Commissural axon navigation is driven by restriction of growth cone exploration resulting from reiterated contacts with ligands deposited on the FP basal processes
The mode of action by which FP cues exert their effect is puzzling. Proper FP crossing is thought to rely on a balance of positive and negative forces that support growth cone attachment, motility, and direction (Stoeckli et al., 1997; Fitzli et al., 2000; Gore et al., 2008; de Ramon Francàs et al., 2017). Moreover, studies of midline crossing in Drosophila inspired the general view that commissural axons acquire sensitivity to local repellents after midline crossing and are pushed toward the contralateral side (Evans and Bashaw, 2010). Consistently, differential pre- and post-crossing sensitivities were reported in numerous experimental paradigms (Zou et al., 2000; Delloye-Bourgeois et al., 2015; Nawabi et al., 2010) but such pushing action of the cues has not been clearly established.
Our findings argue for a very different mode of action. With our analysis of PlxnA1Y1815F model and live imaging paradigms, we show that SlitC acts by restricting the exploratory capacity of commissural growth cones, which sort PlxnA1 when they enter the FP (Pignata et al., 2019). This function is served by the particular morphology of the FP glia cells that might impose repeated contacts of the growth cones with spots of ligands spanning the navigation path. Our functional analyses are all consistent with SlitC mode of action restricting the formation or the stabilization of peripheral growth cone protrusions to constrain them in a non-exploratory state, thus favoring forward growth direction. Such effect is also reflected in the shape of WT crossing growth cones, which we observed are rostro-caudally thin and dorso-ventrally elongated. Notably, PlxnA1Y1815F+ growth cones have a much more complex morphology than WT growth cones, and they also sense the environmental content much more actively. In drastic cases, some were even seen to turn back on themselves, although they were more frequently directed toward the contralateral side. In recent work, axon growth was modeled using microcontact printing culture devices developed to examine individual growth cone responses to dots of guidance molecules (Ryu et al., 2019). Axons were challenged to grow on micropatterned surfaces consisting in uniform Sema3F substrate interrupted by permissive dots. They were found able to efficiently extend in such surfaces, having, in addition, a straight trajectory resulting from jumping from one permissive dot to the next one. Interestingly, perturbing the distance between dots or their size modified the shape of the axons by disorganizing their cytoskeleton and their trajectory, inducing curved growth patterns (Ryu et al., 2019). Thus, a ‘salt and pepper’ context as in the FP with repulsive ligands localized in spots and intercalated with permissive regions might build an appropriate topographic environment for limiting the possibilities of growth deviations.

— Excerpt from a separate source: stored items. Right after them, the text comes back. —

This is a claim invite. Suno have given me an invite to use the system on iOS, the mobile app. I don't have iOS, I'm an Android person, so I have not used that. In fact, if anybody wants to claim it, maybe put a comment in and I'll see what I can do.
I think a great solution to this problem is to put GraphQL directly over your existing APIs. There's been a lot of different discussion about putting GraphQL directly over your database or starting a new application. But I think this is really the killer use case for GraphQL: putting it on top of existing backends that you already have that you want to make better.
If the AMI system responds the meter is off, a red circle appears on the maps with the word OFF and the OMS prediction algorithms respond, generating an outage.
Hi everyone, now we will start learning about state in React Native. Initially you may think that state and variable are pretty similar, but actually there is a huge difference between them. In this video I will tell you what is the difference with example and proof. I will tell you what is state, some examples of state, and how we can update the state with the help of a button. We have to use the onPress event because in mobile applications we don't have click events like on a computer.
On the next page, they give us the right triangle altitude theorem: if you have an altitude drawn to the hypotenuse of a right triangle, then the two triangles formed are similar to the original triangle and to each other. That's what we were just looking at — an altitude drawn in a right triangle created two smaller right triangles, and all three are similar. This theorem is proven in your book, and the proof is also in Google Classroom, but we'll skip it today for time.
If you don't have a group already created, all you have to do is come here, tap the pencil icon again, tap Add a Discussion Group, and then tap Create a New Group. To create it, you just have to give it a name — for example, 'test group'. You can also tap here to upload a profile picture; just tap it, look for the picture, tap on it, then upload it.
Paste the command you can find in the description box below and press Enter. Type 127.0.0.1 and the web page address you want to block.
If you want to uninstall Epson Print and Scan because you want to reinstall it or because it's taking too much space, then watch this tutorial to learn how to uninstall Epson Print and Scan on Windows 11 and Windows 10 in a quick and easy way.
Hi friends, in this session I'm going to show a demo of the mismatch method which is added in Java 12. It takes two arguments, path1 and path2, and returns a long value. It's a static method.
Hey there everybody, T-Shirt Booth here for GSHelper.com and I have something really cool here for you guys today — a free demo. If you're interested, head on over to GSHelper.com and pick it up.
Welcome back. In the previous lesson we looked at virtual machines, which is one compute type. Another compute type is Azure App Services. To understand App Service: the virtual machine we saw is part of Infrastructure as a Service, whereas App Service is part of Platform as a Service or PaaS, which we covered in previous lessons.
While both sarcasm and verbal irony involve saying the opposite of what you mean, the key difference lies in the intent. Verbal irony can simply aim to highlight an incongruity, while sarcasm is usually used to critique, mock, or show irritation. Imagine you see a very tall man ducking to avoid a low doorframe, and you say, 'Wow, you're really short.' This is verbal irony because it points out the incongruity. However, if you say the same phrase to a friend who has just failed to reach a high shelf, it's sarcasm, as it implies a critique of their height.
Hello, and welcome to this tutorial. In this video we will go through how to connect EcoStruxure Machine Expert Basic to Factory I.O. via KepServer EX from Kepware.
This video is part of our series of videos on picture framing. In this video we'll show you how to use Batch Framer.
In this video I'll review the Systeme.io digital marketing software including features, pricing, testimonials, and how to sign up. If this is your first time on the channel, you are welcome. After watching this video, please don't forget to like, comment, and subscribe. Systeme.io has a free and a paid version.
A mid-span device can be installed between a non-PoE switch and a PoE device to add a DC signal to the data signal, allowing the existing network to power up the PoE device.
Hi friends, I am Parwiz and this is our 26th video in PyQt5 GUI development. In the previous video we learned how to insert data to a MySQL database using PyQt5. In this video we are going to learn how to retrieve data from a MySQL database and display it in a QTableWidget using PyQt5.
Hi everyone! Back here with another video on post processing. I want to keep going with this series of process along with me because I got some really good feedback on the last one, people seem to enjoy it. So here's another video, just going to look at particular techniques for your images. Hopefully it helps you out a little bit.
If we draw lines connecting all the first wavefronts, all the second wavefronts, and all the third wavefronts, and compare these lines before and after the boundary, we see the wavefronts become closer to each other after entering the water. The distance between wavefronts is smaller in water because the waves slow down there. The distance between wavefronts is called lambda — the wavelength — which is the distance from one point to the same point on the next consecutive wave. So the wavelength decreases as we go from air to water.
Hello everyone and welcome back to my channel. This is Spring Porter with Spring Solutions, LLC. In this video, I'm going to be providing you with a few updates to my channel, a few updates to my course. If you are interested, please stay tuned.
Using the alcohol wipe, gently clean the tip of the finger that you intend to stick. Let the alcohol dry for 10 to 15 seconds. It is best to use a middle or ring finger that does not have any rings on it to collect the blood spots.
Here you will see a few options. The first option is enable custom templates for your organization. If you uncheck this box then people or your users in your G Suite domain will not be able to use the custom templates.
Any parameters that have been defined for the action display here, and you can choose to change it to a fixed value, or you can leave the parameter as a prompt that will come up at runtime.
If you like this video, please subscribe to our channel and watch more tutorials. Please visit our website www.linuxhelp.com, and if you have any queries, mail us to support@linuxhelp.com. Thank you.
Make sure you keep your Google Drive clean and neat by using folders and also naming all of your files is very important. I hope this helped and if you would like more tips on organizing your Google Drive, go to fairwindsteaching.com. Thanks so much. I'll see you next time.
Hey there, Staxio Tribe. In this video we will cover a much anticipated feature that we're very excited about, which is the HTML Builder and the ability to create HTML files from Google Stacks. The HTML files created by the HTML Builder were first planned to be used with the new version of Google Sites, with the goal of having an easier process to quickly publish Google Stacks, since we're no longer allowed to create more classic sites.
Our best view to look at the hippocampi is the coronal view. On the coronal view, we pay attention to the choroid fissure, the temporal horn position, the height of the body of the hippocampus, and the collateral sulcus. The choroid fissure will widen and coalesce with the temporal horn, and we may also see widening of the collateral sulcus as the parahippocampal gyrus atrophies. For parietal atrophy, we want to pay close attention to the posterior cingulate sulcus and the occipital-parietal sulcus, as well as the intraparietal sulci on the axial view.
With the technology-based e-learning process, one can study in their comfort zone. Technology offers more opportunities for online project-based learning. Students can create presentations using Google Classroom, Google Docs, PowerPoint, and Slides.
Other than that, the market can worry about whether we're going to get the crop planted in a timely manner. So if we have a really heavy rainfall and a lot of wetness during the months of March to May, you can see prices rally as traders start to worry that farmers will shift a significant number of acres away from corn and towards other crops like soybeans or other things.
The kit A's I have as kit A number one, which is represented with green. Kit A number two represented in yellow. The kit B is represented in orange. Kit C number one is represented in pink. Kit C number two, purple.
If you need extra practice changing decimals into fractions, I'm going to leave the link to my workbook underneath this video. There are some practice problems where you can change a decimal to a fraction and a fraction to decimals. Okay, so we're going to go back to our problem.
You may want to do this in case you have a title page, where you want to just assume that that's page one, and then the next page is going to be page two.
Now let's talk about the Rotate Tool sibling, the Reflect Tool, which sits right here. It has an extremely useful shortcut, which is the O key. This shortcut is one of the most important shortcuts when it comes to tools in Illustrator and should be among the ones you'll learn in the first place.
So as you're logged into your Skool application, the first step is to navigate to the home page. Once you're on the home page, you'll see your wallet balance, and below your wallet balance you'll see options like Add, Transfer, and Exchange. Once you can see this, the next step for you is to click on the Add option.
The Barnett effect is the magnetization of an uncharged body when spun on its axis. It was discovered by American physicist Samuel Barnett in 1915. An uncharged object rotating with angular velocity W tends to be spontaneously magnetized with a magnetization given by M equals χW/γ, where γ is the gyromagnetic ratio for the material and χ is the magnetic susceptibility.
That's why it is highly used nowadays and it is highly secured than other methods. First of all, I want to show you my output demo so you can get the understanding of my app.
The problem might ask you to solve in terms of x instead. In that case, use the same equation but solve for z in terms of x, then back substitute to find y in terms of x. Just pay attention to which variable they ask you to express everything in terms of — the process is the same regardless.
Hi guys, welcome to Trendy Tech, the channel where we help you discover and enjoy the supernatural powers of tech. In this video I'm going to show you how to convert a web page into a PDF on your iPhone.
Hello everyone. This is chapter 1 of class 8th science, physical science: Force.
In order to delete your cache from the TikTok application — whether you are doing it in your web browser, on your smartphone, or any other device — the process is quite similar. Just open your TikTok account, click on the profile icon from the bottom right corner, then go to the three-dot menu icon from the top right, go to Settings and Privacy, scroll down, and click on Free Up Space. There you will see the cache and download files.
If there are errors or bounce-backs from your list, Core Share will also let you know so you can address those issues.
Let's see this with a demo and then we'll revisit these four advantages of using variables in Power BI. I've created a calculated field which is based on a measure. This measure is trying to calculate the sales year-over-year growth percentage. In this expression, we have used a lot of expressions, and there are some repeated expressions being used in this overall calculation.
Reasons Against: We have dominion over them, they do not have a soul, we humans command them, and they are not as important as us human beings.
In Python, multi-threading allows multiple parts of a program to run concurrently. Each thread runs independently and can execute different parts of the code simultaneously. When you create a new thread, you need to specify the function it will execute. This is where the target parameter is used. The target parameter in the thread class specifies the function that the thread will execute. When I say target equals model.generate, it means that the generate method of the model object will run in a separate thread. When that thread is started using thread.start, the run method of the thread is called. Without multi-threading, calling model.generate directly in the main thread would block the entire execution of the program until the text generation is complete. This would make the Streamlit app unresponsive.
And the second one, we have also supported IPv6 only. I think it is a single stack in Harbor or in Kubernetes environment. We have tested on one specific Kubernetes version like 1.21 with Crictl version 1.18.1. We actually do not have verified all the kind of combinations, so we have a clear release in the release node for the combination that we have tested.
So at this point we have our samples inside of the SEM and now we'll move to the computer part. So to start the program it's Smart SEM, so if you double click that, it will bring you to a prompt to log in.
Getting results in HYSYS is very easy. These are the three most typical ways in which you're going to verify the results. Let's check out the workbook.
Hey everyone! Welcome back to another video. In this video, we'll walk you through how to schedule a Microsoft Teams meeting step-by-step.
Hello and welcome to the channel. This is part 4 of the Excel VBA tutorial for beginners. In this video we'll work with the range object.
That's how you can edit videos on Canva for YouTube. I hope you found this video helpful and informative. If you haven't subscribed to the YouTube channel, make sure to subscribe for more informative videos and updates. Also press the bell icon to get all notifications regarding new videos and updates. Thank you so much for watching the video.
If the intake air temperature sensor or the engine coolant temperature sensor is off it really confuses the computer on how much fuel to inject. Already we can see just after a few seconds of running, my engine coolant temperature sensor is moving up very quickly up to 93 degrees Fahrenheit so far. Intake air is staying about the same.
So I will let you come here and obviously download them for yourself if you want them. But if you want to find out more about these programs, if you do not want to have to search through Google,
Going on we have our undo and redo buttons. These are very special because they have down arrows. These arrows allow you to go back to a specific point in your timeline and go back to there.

Such constrain of growth cone exploration might also be required for counteracting other local coincident guidance forces that would disturb axon trajectories during FP crossing. In our recent work, we found in live imaging that the exploration is increased when growth cones start navigating the second FP half, although we observed they still keep a clear straight growth (Pignata et al., 2019). This exploratory behavior could reflect an increasing sensitivity to FP-derived Shh and Wnt rostro-caudal gradients that were found to drive the longitudinal turning after the crossing (Zuñiga and Stoeckli, 2017). The exact timing at which the axons become sensitive to these gradients is unclear. In Robo3 knockout embryos, commissural axons totally fail to cross the FP but turn longitudinally in the ipsilateral side. This argues that non-crossing commissural axons can get sensitized to longitudinal gradients, which also reflects the need for guidance constrains to counteract premature turning during the FP navigation (Friocourt and Chédotal, 2017). One function of PlxnA1/SlitC signaling would thus be to prevent premature longitudinal turning until FP exit. This is fully consistent with our observation both in chick and mouse open-books that a significantly higher proportion of axons undergo early rostro-caudal turn during the FP navigation, when deficient for SlitC responsiveness.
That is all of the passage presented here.